Expression of many KLF/SP family members in monocytes and macrophages. (A) Data mining from the Hemosphere online RNA-seq database derived from (51). SP1 is ubiquitously expressed in all blood cell lineages. (B–F) KLFs 2, 3, 4 and 6 are all highly expressed in FACS-sorted monocytes and macrophages from the blood and bone marrow. On the other hand, KLF8 is expressed at low levels in all blood types, KLF3 is also high in erythroid cells whereas KLF4, KLF2 and KLF6 is not. (G) KLF1 is highly expressed in erythroid cell but not in monocytes.

Figure 4

Monocyte/macrophage differentiation and KLF expression in monocytes and tissue-resident macrophages. (A) The stages of macrophage development. Yolk-sac erythro-myeloid progenitors differentiate into primitive yolk-sac derived macrophages that are long-lived. Foetal liver and bone marrow derived hematopoietic stem cells (HSCs) give rise to short-lived and long-lived macrophages during development and adulthood. A combination of these different macrophage sources contribute to the populations of adult tissue-resident macrophages (B–D) Data mining for a suite of different GEO submissions of different macrophage datasets for KLF expression. This bioinformatic analysis of these diverse datasets was undertaken by (53). It is difficult to compare absolute expression levels of different KLFs but relative expression of KLF2, KLF4 and KLF2 shows marked differences. For example, KLF3 is relatively highly expressed in alveolar macrophages and gut-derived macrophages.

Figure 5

Macrophage differentiation and M1/M2 polarisation. A Summary of KLF influences on monocyte differentiation and macrophage polarisation.

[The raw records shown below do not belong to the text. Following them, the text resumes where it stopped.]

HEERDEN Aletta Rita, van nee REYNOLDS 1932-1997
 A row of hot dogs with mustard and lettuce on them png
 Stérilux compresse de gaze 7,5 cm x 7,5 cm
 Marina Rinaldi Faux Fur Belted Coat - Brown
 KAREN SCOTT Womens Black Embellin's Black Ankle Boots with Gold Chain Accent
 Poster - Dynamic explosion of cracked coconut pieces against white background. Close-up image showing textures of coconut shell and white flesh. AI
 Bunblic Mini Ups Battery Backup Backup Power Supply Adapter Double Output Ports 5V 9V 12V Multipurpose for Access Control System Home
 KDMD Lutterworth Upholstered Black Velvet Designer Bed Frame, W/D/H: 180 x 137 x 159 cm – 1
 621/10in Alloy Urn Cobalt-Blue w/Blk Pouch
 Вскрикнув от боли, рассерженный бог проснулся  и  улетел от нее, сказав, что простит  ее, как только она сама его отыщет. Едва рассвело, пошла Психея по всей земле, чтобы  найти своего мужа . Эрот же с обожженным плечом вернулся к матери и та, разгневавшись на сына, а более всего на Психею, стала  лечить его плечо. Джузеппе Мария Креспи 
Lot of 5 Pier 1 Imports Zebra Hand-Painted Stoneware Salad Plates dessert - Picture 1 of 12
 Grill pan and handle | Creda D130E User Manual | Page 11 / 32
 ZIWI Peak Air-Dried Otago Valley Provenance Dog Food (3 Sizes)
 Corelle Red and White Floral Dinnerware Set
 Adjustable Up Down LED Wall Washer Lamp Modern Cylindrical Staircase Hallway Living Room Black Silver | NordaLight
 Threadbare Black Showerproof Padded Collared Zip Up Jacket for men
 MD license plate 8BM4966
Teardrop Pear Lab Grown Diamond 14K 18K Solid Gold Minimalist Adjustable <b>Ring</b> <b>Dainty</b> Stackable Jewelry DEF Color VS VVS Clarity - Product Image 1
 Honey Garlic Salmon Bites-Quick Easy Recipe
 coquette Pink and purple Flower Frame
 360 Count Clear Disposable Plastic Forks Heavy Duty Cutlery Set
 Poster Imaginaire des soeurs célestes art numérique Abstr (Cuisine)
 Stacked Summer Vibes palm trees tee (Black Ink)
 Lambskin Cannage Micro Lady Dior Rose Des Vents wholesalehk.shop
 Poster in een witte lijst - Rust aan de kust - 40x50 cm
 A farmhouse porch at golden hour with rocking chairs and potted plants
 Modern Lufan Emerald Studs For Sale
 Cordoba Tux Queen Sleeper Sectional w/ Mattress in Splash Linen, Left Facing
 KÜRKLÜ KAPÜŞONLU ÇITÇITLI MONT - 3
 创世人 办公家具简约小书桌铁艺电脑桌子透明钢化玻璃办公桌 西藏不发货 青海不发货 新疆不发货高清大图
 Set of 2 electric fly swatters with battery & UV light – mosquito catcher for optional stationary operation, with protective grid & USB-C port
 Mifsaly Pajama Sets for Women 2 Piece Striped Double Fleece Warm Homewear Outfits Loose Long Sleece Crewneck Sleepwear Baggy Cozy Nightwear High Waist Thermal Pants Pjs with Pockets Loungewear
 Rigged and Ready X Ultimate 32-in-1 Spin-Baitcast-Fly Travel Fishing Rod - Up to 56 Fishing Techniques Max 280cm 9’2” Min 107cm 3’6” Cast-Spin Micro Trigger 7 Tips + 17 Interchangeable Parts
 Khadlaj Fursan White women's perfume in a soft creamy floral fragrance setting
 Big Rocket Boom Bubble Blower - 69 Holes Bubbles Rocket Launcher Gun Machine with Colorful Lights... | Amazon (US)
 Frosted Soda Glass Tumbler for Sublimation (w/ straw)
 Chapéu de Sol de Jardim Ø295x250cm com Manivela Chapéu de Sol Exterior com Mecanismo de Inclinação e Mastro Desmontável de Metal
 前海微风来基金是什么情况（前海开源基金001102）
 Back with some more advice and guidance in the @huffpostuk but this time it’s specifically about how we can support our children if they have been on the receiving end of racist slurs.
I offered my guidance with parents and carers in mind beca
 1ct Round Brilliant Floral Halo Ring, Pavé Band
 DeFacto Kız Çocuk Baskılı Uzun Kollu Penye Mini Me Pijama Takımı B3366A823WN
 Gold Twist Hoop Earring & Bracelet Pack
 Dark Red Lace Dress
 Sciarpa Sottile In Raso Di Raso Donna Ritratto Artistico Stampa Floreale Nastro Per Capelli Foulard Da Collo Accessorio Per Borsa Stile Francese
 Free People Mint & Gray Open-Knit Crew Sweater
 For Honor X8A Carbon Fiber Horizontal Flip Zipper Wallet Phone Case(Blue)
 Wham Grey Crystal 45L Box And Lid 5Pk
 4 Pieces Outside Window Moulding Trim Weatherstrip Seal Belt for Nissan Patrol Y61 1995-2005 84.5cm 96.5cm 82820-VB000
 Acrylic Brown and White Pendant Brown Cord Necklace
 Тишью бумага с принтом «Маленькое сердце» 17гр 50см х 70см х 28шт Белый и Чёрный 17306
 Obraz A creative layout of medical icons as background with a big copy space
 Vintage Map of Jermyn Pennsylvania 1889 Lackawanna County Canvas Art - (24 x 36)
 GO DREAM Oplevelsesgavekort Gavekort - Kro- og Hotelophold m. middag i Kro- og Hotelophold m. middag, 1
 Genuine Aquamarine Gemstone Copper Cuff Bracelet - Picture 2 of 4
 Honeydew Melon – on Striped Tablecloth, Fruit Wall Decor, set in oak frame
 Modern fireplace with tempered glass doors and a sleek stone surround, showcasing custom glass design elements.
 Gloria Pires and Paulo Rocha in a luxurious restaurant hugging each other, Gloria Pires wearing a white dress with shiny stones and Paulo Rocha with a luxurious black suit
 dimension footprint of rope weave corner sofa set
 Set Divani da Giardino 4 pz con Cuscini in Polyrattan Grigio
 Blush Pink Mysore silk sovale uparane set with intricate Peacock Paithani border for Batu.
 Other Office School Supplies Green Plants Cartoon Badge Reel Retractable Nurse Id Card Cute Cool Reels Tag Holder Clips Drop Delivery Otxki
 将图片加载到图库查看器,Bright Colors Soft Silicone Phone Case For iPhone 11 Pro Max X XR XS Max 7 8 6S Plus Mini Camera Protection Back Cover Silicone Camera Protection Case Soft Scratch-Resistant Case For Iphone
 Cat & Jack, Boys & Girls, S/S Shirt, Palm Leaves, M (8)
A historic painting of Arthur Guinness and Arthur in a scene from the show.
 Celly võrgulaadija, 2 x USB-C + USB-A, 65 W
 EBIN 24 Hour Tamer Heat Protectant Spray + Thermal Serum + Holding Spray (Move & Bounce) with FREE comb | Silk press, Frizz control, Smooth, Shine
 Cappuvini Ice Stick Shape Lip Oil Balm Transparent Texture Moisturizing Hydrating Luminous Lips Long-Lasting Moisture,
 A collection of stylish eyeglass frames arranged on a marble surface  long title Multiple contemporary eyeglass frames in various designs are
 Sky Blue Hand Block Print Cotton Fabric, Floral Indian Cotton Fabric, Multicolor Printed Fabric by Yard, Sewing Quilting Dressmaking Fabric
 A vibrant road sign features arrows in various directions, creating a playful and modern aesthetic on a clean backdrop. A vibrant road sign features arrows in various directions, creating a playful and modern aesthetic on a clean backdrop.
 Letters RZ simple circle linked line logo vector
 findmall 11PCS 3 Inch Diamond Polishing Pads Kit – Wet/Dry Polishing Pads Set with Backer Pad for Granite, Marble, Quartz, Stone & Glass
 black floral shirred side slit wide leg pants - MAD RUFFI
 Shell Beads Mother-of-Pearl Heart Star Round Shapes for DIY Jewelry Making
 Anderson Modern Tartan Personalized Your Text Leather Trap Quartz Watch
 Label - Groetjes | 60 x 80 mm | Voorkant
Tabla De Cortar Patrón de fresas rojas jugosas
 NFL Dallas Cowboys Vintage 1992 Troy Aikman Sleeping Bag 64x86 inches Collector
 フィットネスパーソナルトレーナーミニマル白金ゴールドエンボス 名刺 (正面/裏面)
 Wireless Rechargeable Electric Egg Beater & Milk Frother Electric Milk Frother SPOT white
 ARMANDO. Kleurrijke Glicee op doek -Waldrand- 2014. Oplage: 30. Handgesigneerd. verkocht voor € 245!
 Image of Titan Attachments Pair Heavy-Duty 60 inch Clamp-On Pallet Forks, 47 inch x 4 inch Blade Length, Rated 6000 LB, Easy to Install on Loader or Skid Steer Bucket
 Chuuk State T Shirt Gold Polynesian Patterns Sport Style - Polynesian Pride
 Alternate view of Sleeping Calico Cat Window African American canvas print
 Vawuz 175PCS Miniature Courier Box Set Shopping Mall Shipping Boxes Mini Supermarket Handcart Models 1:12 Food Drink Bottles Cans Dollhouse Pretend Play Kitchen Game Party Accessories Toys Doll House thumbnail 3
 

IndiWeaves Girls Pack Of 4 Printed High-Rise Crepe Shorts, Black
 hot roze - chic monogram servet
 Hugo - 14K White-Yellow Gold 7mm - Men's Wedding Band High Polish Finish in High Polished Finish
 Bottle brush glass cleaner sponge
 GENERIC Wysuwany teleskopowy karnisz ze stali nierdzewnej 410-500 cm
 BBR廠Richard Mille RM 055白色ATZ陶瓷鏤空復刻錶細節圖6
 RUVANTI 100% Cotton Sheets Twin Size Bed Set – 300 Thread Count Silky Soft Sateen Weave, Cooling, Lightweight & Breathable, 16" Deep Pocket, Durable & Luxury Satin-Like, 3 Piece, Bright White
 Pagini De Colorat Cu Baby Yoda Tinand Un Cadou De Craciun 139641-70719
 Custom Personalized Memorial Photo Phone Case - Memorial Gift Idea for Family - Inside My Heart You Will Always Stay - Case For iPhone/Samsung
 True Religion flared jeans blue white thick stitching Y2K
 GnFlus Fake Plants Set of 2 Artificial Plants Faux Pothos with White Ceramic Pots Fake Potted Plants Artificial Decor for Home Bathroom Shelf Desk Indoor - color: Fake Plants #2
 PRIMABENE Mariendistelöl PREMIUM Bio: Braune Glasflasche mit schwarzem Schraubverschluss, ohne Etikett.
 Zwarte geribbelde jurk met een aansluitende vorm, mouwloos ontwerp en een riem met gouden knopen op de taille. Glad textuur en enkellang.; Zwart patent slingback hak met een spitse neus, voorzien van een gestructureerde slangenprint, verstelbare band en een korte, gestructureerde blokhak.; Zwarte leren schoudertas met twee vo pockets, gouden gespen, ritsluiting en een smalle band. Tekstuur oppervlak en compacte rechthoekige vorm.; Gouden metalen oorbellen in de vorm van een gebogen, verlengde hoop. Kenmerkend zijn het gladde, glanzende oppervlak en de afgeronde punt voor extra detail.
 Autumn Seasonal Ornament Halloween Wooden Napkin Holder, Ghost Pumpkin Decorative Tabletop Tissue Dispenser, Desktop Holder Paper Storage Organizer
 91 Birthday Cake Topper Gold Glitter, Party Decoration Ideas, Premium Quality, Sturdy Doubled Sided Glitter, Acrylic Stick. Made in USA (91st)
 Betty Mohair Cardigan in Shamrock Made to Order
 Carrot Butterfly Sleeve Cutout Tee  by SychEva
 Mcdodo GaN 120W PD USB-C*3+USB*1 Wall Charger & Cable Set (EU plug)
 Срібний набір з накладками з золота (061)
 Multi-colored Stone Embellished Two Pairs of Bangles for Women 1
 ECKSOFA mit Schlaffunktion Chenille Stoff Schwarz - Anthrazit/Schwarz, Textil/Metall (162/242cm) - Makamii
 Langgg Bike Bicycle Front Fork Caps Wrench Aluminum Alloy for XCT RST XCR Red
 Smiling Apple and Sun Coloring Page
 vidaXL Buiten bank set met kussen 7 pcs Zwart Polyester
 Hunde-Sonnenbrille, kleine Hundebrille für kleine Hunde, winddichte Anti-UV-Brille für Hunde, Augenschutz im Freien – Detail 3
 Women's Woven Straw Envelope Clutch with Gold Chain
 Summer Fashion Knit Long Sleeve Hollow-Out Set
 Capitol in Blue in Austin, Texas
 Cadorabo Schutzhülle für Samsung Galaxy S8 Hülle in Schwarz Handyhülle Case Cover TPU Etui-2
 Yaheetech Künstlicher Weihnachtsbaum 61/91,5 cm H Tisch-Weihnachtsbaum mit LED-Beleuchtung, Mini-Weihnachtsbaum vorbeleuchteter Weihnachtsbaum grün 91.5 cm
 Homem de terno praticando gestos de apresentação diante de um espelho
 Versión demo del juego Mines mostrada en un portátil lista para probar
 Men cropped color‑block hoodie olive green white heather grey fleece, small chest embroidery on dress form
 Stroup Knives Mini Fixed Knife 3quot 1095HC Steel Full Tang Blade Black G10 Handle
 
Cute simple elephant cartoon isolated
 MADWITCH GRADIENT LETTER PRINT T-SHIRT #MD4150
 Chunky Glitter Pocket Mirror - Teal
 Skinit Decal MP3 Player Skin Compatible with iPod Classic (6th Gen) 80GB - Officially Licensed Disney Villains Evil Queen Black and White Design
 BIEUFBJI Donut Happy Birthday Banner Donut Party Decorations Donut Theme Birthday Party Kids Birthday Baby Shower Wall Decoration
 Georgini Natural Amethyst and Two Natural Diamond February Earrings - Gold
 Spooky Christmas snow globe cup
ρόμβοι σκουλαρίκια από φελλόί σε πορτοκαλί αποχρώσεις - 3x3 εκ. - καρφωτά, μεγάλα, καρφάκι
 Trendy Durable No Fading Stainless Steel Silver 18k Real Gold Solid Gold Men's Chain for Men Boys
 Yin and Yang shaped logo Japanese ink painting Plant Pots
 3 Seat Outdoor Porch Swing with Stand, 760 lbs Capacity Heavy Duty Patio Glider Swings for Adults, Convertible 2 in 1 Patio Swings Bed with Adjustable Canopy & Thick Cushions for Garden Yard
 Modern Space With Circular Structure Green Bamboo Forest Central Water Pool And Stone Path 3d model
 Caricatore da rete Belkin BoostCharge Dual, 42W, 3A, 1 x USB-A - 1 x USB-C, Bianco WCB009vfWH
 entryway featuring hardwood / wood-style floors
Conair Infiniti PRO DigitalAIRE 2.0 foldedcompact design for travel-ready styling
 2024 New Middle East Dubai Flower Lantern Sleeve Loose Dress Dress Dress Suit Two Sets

Monocytes differentiate from common myeloid progenitors (CMP) and granulocyte-macrophage progenitors (GMP), where KLF4 favours monocyte over neutrophil lineages. Monocytes then migrate to tissues as naïve M0-type macrophages. Upon inflammatory stimulus they polarise to M1-type pro-inflammatory or M2-anti-inflammatory macrophages. The influences of KLFs on the different stages of differentiation and polarisation are summarised.

Figure 6

The KLF3 -TLR loci in human and mouse. (A) Schematic generated from the UCSC Genome Browser (GRCh38/hg38). The KLF3 gene sits just upstream and is expressed in the opposite direction to three TLR genes, TLR10, TLR1 and TLR6, and sits downstream of the TBC1D1 gene within a 1Mb region of DNA on chromosome 4p14. There are a large number of lncRNAs (green) and enhancer signatures in this region between the coding genes, including KLF3-AS (121). There are three SNPs in the vicinity of one of these spliced LNC RNAs that are associated with inflammatory bowel disease (119, 120). The entire region is syntenic with mouse chr5qC3.1. (B) Schematic generated from the UCSC Genome Browser (CRCm38/mm10). The Klf3 gene sits just upstream and is expressed in the opposite direction to two TLR genes, Tlr1 and Tlr6, and sits downstream of the Tbc1d1 gene within a 1Mb region of DNA on chromosome 5qC3.1.